[Brief descriptive captions]
+---+

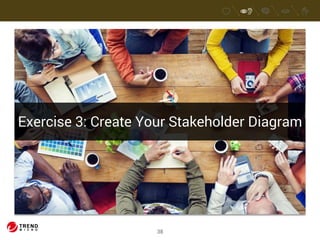 Exercise 3: Create Your Stakeholder Diagram 
38 
 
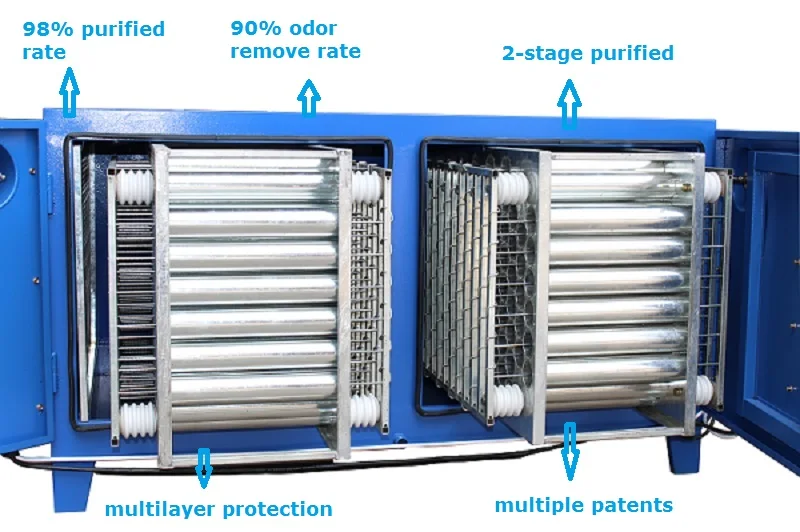kitchen odor extractor esp air cleaner smoke purification equipment electrostatic filter commercial air scrubber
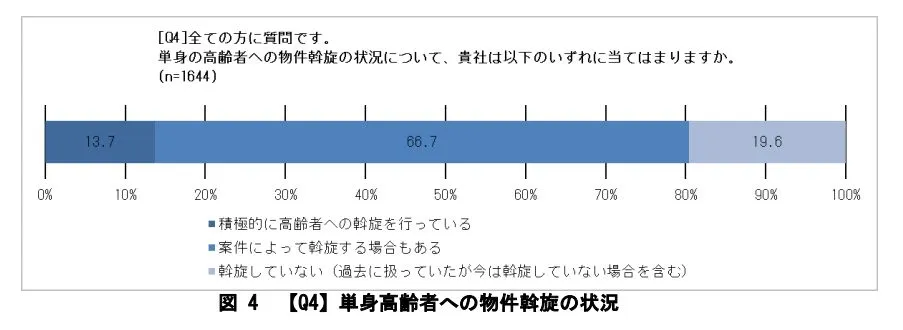 単身高齢者への物件斡旋の状況（令和6年　公益社団法人 全国宅地建物取引業協会連合会、公益社団法人 全国宅地建物取引業保証協会）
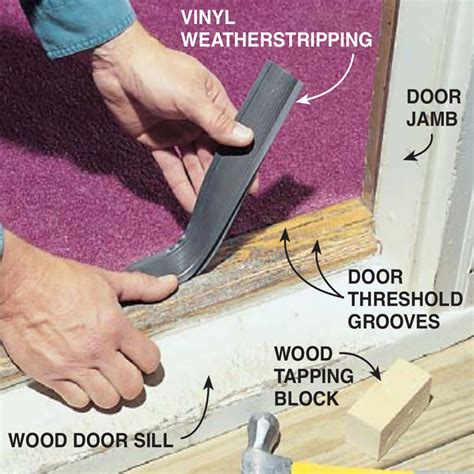 How To Replace The Weather Stripping On A Door | Explora Madeira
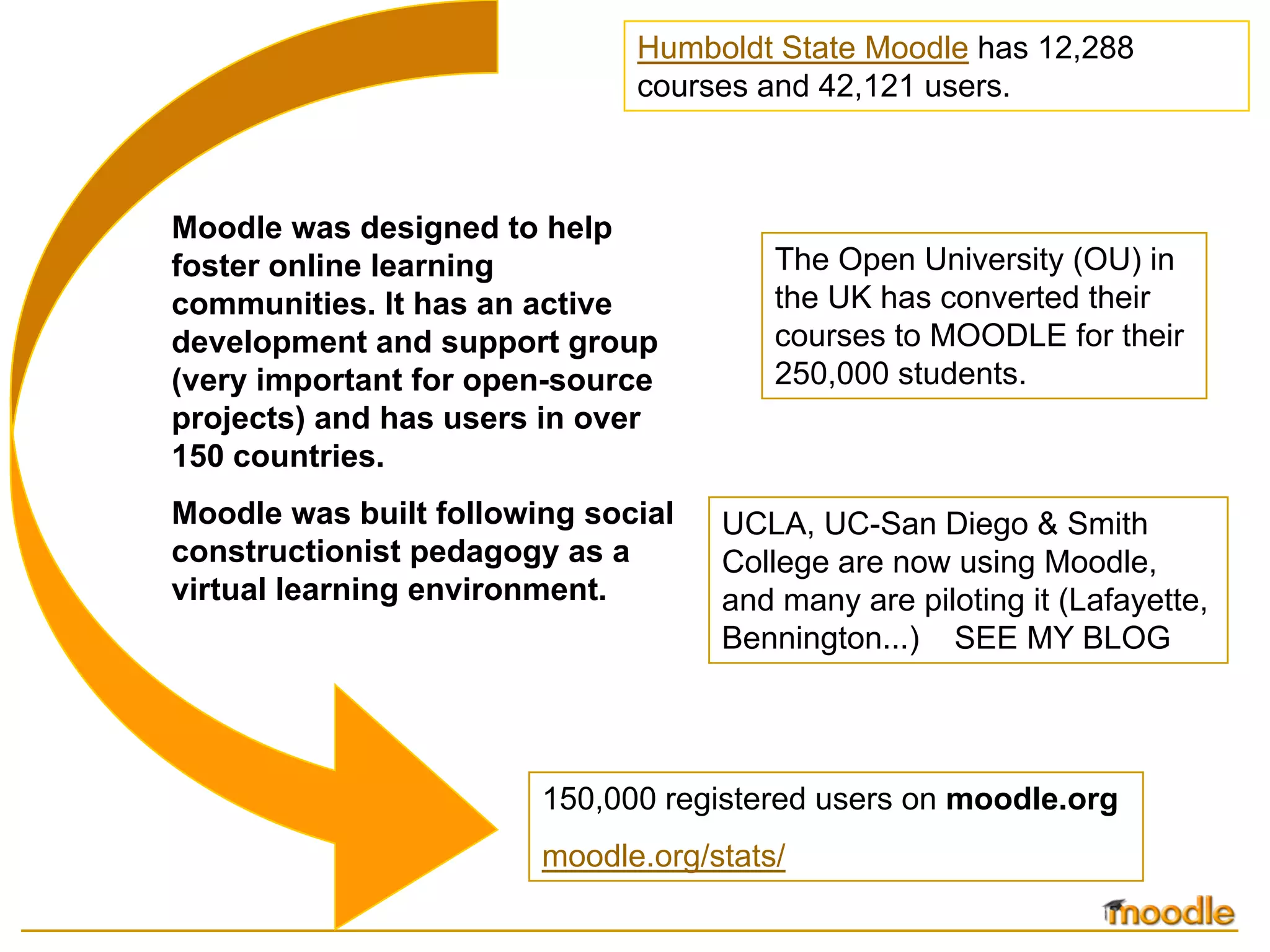 Humboldt State Moodle has 12,288
                              courses and 42,121 users.



Moodle was designed to help
foster online learning                  The Open University (OU) in
communities. It has an active           the UK has converted their
development and support group           courses to MOODLE for their
(very important for open-source         250,000 students.
projects) and has users in over
150 countries.
Moodle was built following social   UCLA, UC-San Diego & Smith
constructionist pedagogy as a       College are now using Moodle,
virtual learning environment.       and many are piloting it (Lafayette,
                                    Bennington...) SEE MY BLOG




                        150,000 registered users on moodle.org
                        moodle.org/stats/
 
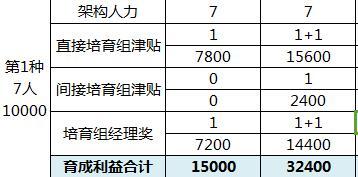 主管培训一组经理在研2国寿企业家每半年组利益3年育成利益分析.xlsx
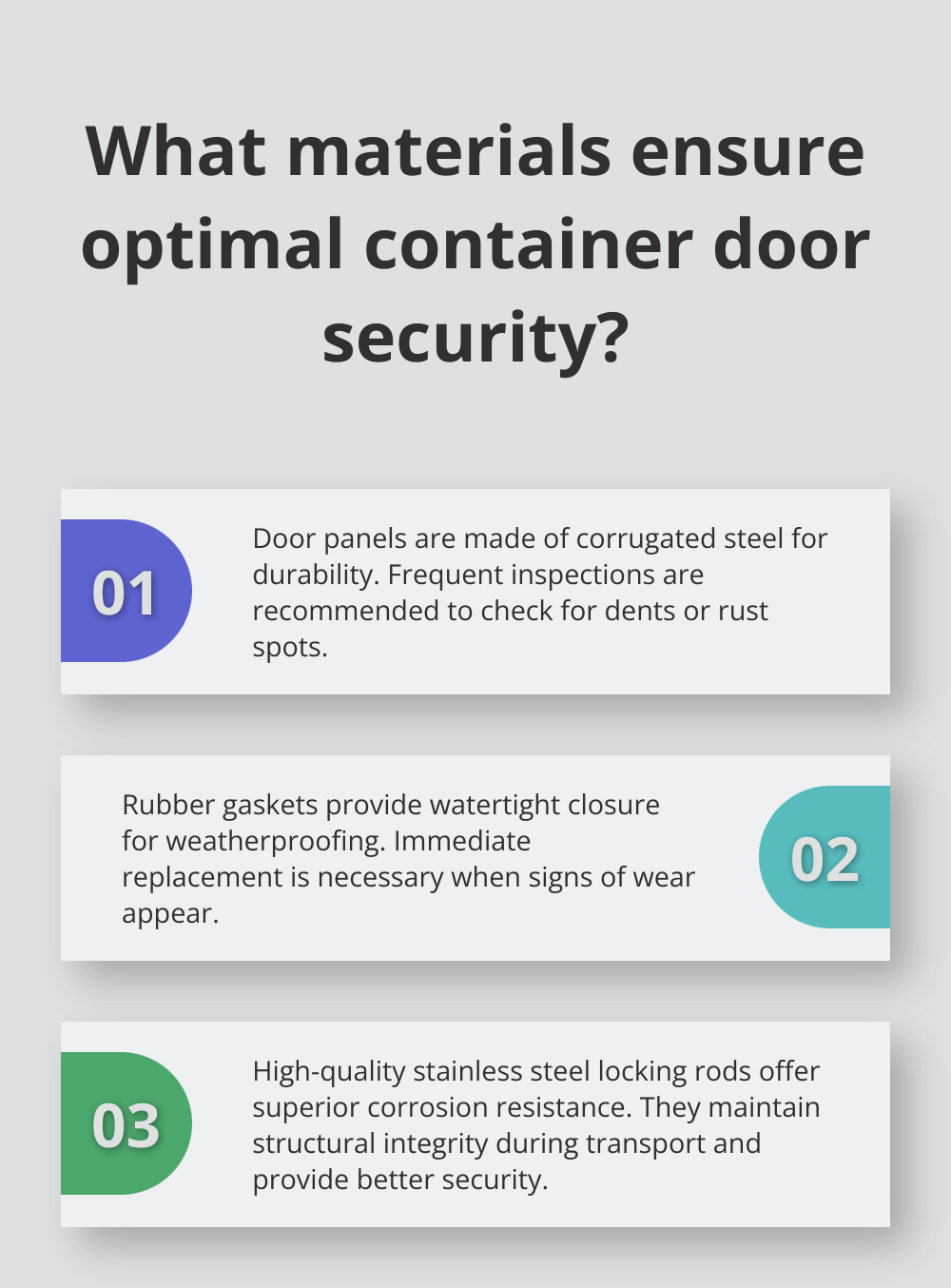 Infographic: What materials ensure optimal container door security? - shipping container spare parts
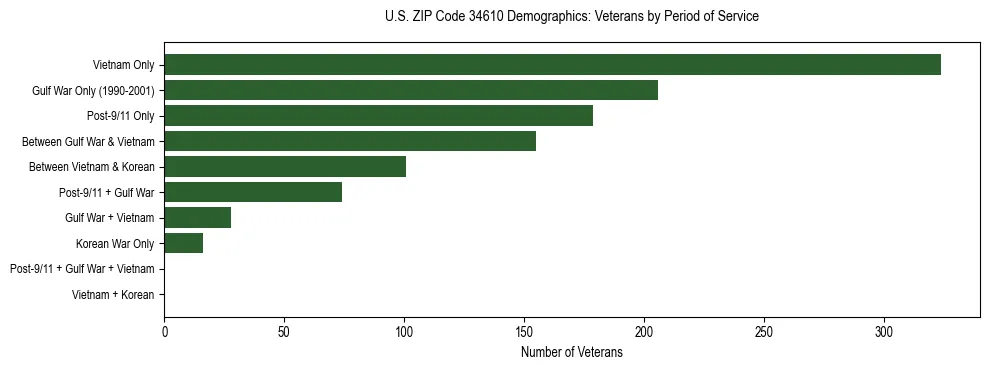 Horizontal bar chart showing veteran distribution by period of military service in US ZIP Code 34610, based on 2023 ACS data.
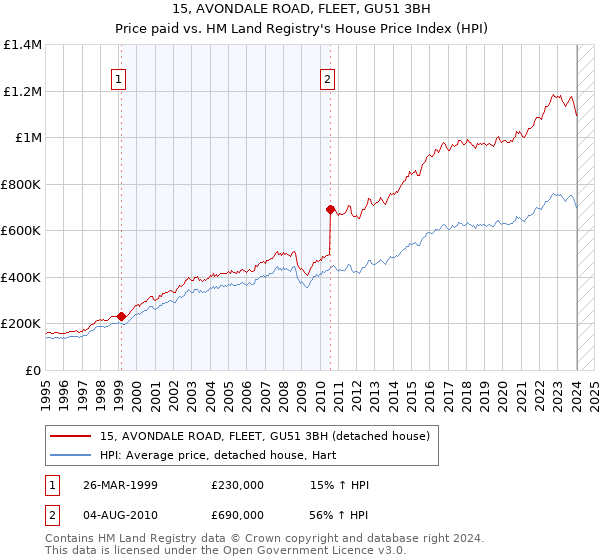 15, AVONDALE ROAD, FLEET, GU51 3BH: Price paid vs HM Land Registry's House Price Index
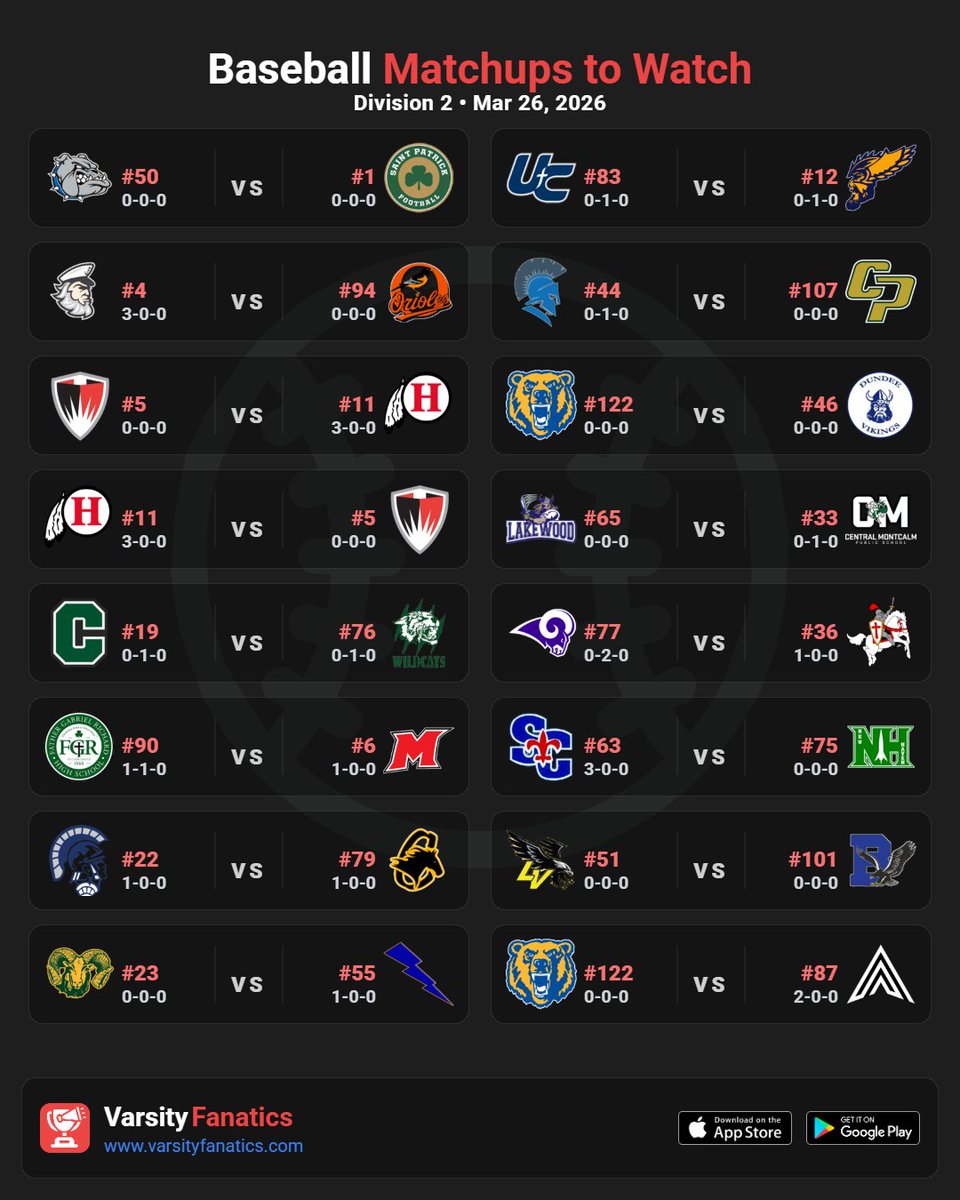VarsityFanatics's tweet photo. ⚾ Baseball | Matchups to Watch 3/26

Find full rankings &amp; standings predictions — free in the App Store and Google Play Store.

@ThePrep3 @MIPrepZoneMD @statechampsmich @MliveSports @MHSBCA_
 #MHSAA #MiBaseball #HighSchoolBaseball #MichiganSports #VarsityFanatics #DiamondNotes https://t.co/XGdSQjY5gv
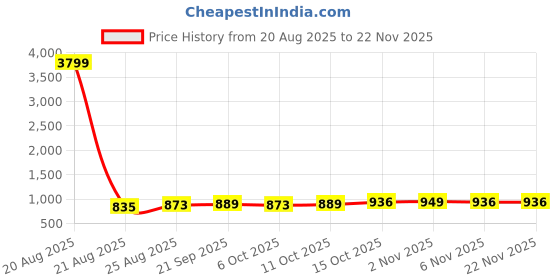 myntra.com Aura Gold-Toned Set of 3 Regular Jewellery Organiser Organisers aura Price History Graph from 20 Aug 2025 to 22 Nov 2025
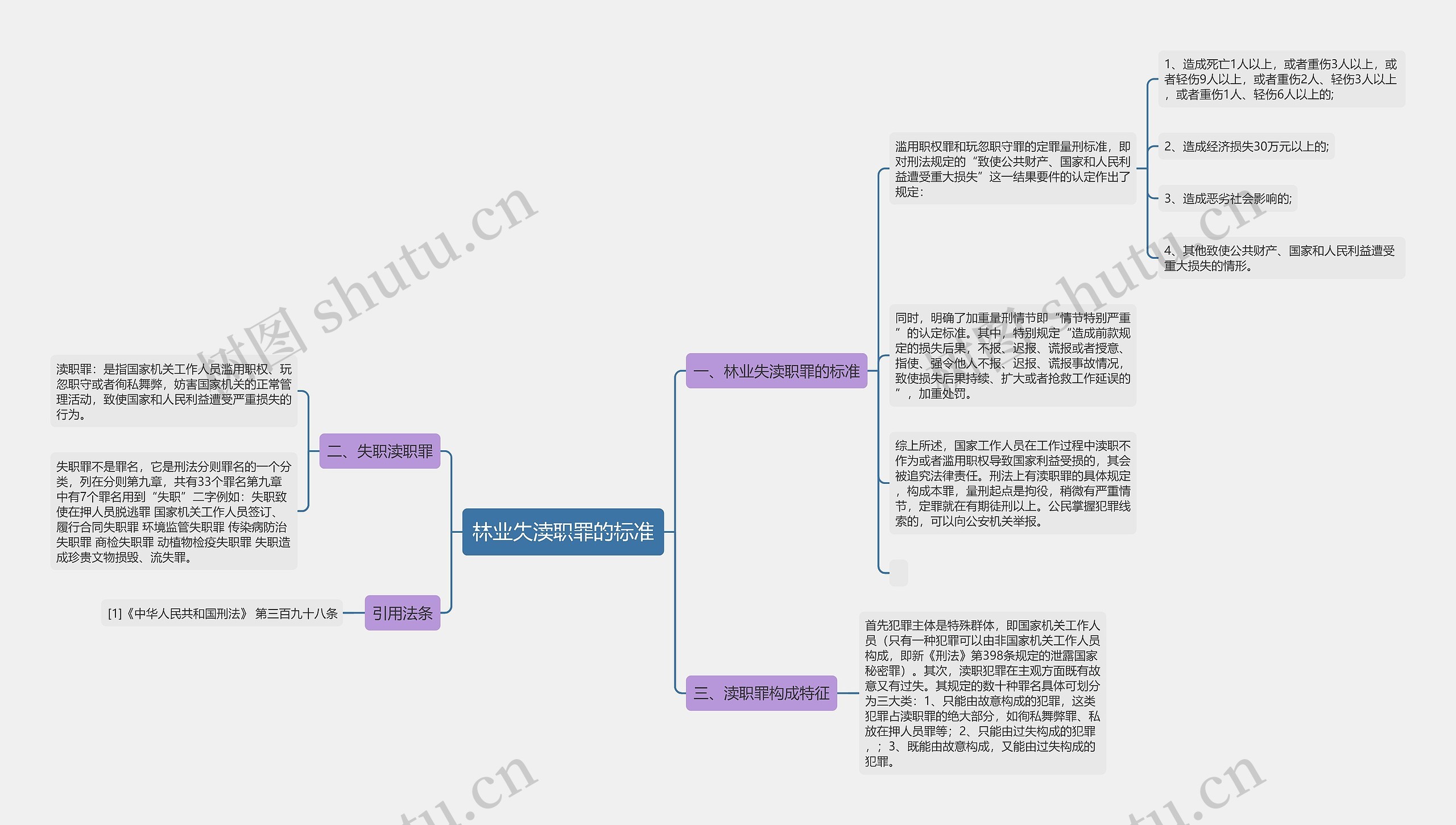 林业失渎职罪的标准思维导图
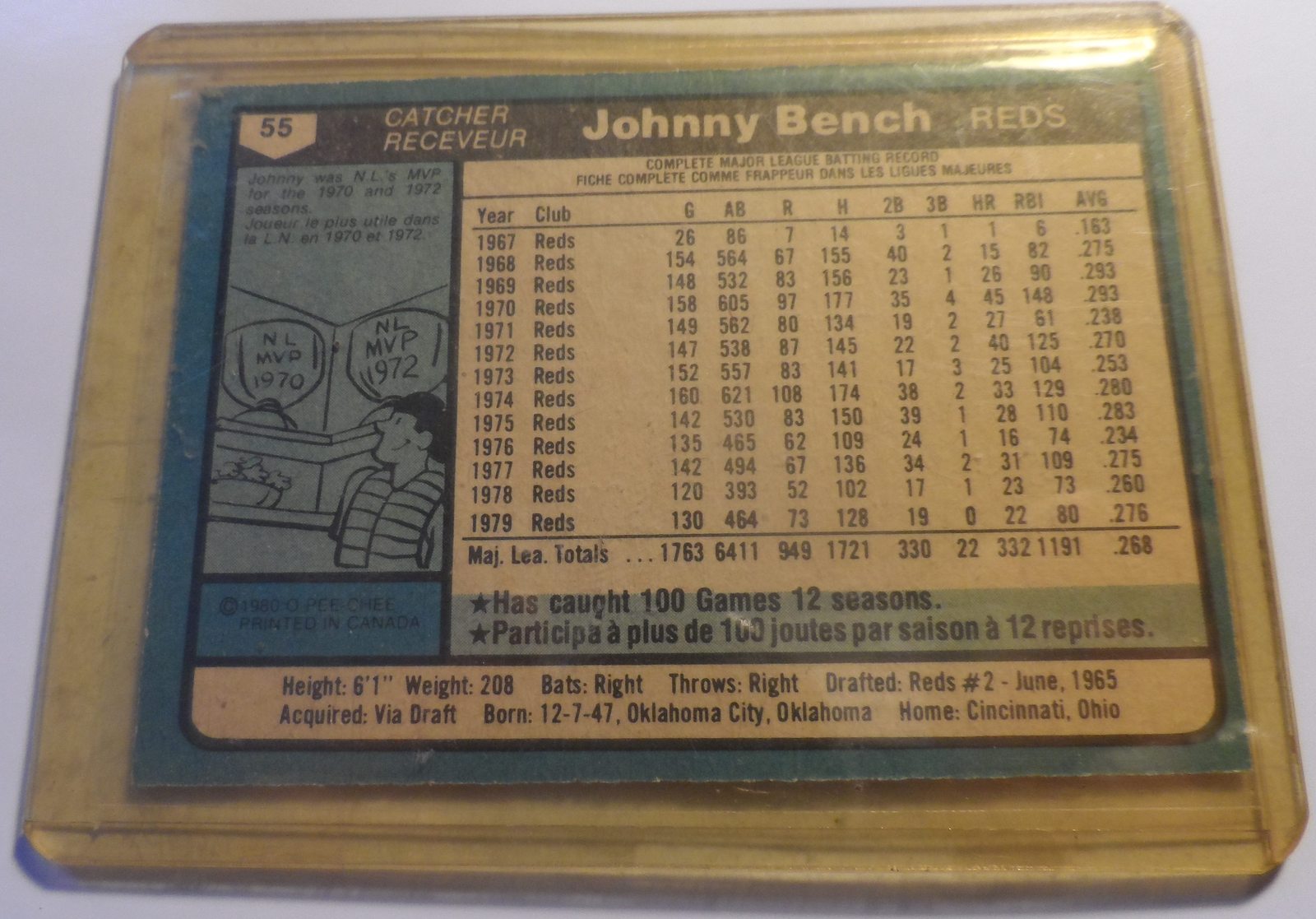 Cincinnati Reds Johnny Bench 1979 Vintage Baseball Card O-Pee-Chee ...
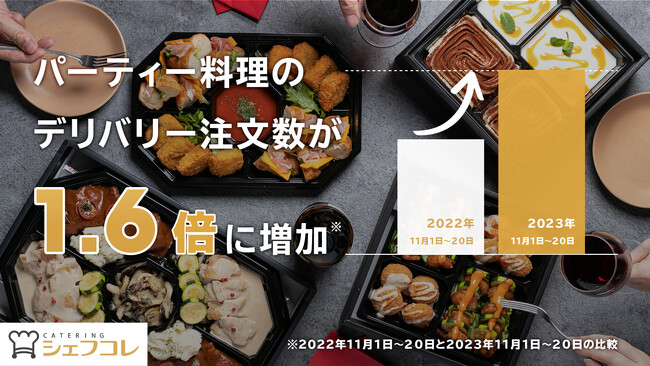 ～パーティー料理のデリバリー注文が前年比1.6倍～ 国内最大級のパーティー料理予約サイト「シェフコレ」が忘年会・納会にオススメなプランを集めた特集ページを開設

+---+

**WHAT IS NEEDED:**
Nothing but an exact copy belongs in the answer: the lines from the top of the records through the line containing "foster online learning", minus the pictures.

**COMPLETED TASK:**
 Exercise 3: Create Your Stakeholder Diagram 
38 
 
kitchen odor extractor esp air cleaner smoke purification equipment electrostatic filter commercial air scrubber
 単身高齢者への物件斡旋の状況（令和6年　公益社団法人 全国宅地建物取引業協会連合会、公益社団法人 全国宅地建物取引業保証協会）
 How To Replace The Weather Stripping On A Door | Explora Madeira
 Humboldt State Moodle has 12,288
                              courses and 42,121 users.



Moodle was designed to help
foster online learning                  The Open University (OU) in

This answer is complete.